Since the convening of the first National Writers’ Congress and the annual consultation meeting with publishers and other stakeholders held in 2019, the National Book Council started the process to produce a legislative framework for the upholding of standards and professional mediation in the publishing industry.
This process coincided with the adoption of the European Union Directive on Copyright in the Digital Single-Market for which the National Book Council served as lead-entity in the Maltese Government’s negotiations at EU negotiations. Following a multi-pronged strategy, the National Book Council is presenting a holistic legislative framework which introduces basic standards in the industry and simultaneously transposes the legal provisions of the EU Directive.
The legislative framework is divided in four main parts:
1) With the aim of providing the National Book Council with more autonomy from the political arm of government, the legal notice establishing the National Book Council is being renewed as an Act of Parliament. This will also empower authors further by allowing them to decide on their policy-priorities within the National Writers’ Congress, and shall include illustrators as official stakeholders to the book industry. This bill is being published for a thirty-day consultation period with stakeholders.

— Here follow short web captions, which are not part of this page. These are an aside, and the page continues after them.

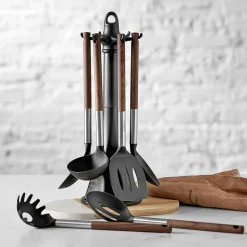 Karaca North Star 7-teiliges Service-Set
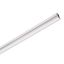 4m mounting track, 48V TRACK, white, DALI thumbnail 3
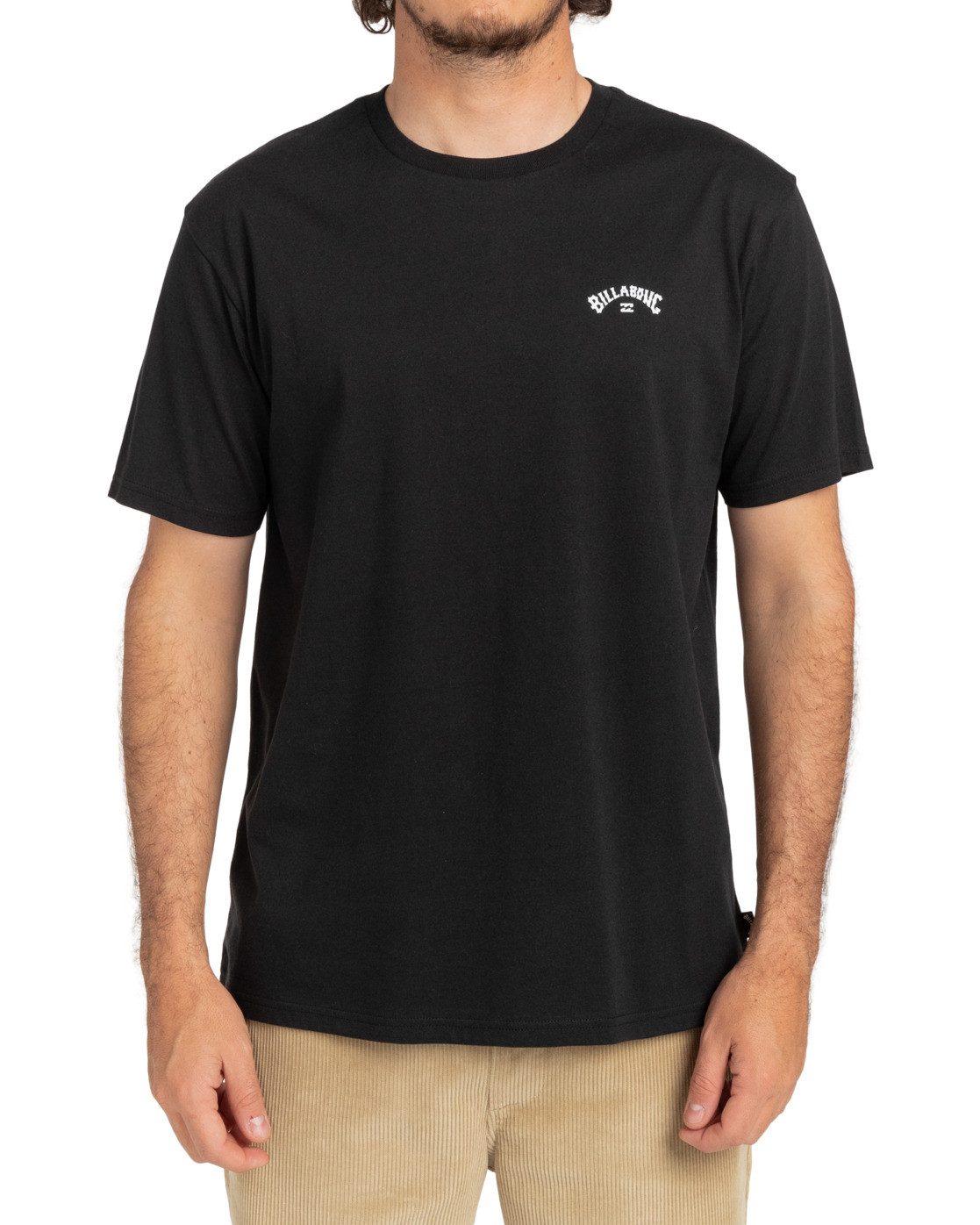 Billabong T-Shirt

2) The transposition of the European Union Directive on Copyright in the Digital Single Market into domestic law. This will provide for the introduction of EU-standard mediation mechanisms and contractual standards in the industry, empower rights-holders against digital copyright infringement, empower CMOs to take collective decisions on commercial rights issues, and ensure that press publishers have the necessary legal rights relating to online news feeds. This bill is being published for a thirty-day consultation period with stakeholders.
3) The enactment of the agreement with the Ministry for Education and Employment on the Educational Exception to provide rights-holders with rights payments over the use of their work in the public education system and ensure compliance with the said EU DSM Directive. This agreement is currently being finalised through discussions with education and Ministry representatives.
4) Fiscal incentives which incentivise industry stakeholders to adhere to professional standards, namely making authors’ royalty payments tax-free, and allowing publishers to claim a 200% tax refund over all royalty payments paid to authors. A legal notice on these tax incentives will be published following the 2020 Government Budget later this year.
The National Book Council invites stakeholders to provide their feedback to the draft legal acts. The contents of these acts have been formulated following lengthy consultation discussions with all stakeholders and during the Writers’ Congress over the past year. We confidently believe that we are presenting a professional legislative framework which will incentivise the industry to keep growing.
Following the 30-day period, the National Book Council will make any necessary changes which may be required to eventually present the bill for the next parliamentary session.
The council would like to thank all their stakeholders, professionals, technicians, and lawyers who have helped them conclude this very lengthy and arduous process.